**What this task involves**
Copy exactly the stretch of data below from the line with "LatinaRoomies webcam" through the line with "Snapshot of samuelgarcia_", including both of those lines.
◇ ◇ ◇ ◇ ◇ ◇ ◇
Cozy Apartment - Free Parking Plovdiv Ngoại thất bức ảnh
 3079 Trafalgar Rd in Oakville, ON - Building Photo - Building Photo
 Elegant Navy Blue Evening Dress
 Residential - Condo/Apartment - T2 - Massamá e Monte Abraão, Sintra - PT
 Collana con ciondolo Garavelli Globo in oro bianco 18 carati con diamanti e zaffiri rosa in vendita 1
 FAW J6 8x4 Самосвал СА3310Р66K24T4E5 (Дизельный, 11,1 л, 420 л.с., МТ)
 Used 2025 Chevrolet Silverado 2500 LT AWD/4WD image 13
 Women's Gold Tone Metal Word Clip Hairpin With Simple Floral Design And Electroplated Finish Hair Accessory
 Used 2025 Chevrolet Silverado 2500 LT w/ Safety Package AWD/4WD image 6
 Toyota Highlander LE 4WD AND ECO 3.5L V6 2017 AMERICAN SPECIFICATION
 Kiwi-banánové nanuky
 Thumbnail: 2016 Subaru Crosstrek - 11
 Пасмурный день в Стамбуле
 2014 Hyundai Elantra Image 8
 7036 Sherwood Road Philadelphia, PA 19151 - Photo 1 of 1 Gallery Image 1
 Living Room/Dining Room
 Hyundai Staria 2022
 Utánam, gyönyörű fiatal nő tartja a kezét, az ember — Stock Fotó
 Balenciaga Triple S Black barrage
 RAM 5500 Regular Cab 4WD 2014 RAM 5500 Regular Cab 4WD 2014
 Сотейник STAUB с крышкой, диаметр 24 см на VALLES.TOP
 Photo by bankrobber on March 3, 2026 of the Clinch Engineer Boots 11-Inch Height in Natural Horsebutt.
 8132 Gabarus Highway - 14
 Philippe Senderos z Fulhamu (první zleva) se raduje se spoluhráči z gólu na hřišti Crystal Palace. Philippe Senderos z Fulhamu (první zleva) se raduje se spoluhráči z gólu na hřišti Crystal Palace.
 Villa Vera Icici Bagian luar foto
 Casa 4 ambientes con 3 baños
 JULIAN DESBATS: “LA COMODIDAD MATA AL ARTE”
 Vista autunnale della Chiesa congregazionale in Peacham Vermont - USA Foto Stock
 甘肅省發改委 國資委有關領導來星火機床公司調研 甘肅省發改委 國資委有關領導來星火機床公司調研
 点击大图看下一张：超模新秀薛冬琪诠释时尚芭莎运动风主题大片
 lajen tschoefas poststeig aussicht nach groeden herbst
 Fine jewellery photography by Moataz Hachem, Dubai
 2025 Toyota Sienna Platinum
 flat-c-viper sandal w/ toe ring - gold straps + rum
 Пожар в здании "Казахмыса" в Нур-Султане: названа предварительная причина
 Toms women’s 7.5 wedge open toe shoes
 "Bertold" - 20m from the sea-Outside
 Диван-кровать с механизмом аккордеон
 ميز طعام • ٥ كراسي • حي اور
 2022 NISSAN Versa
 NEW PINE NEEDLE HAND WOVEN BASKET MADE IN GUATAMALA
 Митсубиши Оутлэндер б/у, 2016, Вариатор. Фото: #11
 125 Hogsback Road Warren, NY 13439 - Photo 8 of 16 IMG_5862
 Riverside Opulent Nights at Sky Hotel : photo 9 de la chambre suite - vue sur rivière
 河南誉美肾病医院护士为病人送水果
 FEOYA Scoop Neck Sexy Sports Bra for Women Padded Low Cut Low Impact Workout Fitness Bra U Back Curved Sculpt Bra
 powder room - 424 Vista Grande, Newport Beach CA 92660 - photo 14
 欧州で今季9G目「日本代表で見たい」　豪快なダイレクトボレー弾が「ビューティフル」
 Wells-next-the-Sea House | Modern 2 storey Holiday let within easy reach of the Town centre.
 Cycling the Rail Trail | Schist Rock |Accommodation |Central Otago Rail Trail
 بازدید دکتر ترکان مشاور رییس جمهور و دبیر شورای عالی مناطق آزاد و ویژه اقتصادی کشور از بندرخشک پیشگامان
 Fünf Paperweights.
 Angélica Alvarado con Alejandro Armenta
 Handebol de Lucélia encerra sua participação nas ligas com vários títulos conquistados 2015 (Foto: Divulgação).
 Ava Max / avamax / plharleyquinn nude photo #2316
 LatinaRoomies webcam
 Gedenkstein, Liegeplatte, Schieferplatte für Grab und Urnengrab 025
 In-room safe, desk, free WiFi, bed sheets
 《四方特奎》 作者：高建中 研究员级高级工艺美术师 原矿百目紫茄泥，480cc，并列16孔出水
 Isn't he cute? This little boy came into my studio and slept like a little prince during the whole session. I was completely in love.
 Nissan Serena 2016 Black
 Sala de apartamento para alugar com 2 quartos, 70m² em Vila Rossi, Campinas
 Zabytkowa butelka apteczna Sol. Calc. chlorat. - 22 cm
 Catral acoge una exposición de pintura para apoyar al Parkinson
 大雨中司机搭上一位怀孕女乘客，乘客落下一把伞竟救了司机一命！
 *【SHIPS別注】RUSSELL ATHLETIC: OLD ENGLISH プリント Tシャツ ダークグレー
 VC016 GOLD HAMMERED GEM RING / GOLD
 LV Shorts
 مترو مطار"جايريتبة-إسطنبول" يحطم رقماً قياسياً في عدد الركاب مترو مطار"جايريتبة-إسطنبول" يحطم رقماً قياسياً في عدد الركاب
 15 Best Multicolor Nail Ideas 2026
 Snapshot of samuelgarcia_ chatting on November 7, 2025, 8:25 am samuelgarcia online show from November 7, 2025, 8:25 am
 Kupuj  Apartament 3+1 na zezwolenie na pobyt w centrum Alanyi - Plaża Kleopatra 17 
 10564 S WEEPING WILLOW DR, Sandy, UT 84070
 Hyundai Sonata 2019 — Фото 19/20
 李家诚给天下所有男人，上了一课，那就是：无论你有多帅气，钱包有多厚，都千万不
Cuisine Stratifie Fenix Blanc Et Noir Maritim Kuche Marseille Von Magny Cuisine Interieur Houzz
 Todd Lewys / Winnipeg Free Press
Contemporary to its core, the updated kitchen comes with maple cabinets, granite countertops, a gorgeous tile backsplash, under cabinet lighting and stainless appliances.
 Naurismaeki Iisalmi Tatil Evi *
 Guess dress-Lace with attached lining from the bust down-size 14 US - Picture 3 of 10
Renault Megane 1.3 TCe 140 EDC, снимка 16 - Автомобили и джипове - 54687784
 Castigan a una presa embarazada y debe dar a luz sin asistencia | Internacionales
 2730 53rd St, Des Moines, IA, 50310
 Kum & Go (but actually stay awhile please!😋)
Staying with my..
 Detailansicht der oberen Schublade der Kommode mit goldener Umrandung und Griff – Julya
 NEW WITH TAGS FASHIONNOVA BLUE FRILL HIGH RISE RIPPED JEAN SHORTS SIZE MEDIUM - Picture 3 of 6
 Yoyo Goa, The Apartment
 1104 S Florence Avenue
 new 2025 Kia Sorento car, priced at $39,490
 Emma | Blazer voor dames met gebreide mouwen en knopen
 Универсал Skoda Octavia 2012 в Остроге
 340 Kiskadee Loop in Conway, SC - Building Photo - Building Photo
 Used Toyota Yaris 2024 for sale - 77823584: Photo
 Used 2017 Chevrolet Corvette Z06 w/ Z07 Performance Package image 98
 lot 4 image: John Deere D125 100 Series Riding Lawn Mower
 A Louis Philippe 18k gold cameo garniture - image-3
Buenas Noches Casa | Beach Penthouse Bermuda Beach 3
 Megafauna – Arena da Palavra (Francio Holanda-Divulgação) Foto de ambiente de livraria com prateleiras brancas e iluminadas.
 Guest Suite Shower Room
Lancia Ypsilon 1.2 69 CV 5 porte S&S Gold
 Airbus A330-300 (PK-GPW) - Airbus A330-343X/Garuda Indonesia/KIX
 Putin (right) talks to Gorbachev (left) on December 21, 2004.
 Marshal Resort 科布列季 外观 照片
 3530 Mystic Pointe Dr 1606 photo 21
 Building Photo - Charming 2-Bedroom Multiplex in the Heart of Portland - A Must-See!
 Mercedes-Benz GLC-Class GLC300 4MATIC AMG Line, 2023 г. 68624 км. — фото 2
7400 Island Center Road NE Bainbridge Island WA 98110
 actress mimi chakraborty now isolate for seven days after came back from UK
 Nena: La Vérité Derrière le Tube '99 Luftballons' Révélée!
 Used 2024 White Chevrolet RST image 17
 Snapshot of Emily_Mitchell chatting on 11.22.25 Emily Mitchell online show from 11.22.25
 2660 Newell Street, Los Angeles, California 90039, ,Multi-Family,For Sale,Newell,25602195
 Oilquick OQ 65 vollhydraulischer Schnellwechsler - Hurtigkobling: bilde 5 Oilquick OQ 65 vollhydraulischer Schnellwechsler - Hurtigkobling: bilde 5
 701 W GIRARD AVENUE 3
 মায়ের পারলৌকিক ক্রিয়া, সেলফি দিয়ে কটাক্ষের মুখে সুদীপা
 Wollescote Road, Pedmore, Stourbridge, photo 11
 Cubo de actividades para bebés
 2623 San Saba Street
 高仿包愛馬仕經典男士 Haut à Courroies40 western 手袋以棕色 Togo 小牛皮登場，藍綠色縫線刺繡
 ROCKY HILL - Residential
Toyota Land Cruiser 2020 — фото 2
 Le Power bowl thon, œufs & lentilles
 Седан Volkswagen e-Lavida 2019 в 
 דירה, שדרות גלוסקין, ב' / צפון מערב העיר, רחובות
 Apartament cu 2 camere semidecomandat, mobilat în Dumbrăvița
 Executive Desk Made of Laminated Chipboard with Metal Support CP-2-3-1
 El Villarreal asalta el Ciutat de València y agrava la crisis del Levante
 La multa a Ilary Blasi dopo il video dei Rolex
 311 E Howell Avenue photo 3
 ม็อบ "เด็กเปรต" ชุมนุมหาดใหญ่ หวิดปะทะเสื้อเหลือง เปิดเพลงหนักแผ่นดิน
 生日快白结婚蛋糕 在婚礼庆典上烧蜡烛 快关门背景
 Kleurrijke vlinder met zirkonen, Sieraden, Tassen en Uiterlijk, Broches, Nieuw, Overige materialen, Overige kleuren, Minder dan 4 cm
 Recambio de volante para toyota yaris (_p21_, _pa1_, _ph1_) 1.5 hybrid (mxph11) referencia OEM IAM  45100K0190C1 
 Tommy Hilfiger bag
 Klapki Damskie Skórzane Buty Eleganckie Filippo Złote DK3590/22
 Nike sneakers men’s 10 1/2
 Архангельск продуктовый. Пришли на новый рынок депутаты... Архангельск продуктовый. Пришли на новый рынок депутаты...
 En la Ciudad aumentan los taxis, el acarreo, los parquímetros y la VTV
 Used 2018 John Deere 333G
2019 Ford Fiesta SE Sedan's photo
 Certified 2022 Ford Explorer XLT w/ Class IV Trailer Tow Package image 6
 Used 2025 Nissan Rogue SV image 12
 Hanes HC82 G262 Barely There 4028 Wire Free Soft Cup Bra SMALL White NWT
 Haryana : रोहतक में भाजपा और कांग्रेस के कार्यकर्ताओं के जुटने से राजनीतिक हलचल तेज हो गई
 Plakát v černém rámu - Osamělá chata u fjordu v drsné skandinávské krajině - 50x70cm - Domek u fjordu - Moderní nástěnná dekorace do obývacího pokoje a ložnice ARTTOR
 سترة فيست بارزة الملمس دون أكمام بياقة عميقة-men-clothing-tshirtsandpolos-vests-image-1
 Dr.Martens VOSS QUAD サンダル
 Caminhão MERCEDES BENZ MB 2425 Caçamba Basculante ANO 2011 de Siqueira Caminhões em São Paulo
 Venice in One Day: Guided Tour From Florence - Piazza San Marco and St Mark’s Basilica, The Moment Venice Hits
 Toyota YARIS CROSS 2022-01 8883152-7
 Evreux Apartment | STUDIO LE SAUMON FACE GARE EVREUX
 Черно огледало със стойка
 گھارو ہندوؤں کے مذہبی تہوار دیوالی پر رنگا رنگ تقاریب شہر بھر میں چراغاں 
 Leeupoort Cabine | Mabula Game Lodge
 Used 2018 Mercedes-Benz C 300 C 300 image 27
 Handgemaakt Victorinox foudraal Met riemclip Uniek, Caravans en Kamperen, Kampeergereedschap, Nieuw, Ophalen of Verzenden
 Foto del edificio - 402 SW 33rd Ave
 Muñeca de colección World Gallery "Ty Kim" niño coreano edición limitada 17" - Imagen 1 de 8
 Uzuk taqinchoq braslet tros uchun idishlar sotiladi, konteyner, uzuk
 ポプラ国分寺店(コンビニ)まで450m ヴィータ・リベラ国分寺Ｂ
◇ ◇ ◇ ◇ ◇ ◇ ◇
**Response below**
 LatinaRoomies webcam
 Gedenkstein, Liegeplatte, Schieferplatte für Grab und Urnengrab 025
 In-room safe, desk, free WiFi, bed sheets
 《四方特奎》 作者：高建中 研究员级高级工艺美术师 原矿百目紫茄泥，480cc，并列16孔出水
 Isn't he cute? This little boy came into my studio and slept like a little prince during the whole session. I was completely in love.
 Nissan Serena 2016 Black
 Sala de apartamento para alugar com 2 quartos, 70m² em Vila Rossi, Campinas
 Zabytkowa butelka apteczna Sol. Calc. chlorat. - 22 cm
 Catral acoge una exposición de pintura para apoyar al Parkinson
 大雨中司机搭上一位怀孕女乘客，乘客落下一把伞竟救了司机一命！
 *【SHIPS別注】RUSSELL ATHLETIC: OLD ENGLISH プリント Tシャツ ダークグレー
 VC016 GOLD HAMMERED GEM RING / GOLD
 LV Shorts
 مترو مطار"جايريتبة-إسطنبول" يحطم رقماً قياسياً في عدد الركاب مترو مطار"جايريتبة-إسطنبول" يحطم رقماً قياسياً في عدد الركاب
 15 Best Multicolor Nail Ideas 2026
 Snapshot of samuelgarcia_ chatting on November 7, 2025, 8:25 am samuelgarcia online show from November 7, 2025, 8:25 am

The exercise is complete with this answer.